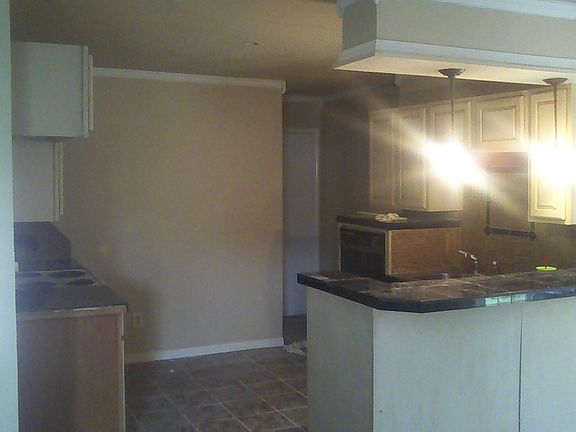 Open Kitchen with Bar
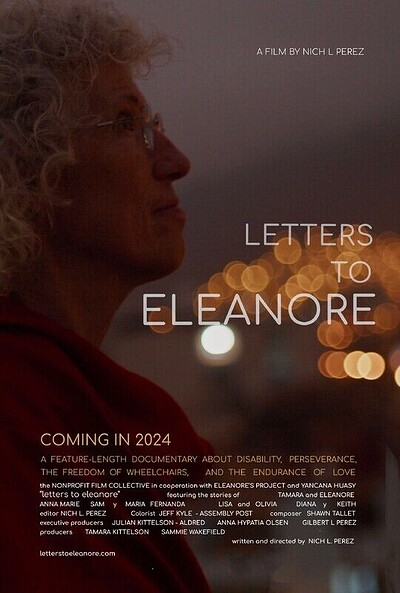 Letters to Eleanore & Invisible Barriers at PRSC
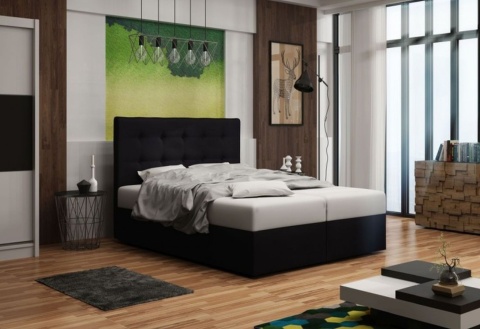 Łóżko DUO 1 Tkanina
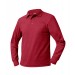 OLS Red L/S Polo w/ Logo (K Boys Only)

§ What is needed
Please write out the lines above exactly, from the one that contains "Letters to Eleanore" through the final line, and include none of the pictures.

§ Response
 Letters to Eleanore & Invisible Barriers at PRSC
 Łóżko DUO 1 Tkanina
 OLS Red L/S Polo w/ Logo (K Boys Only)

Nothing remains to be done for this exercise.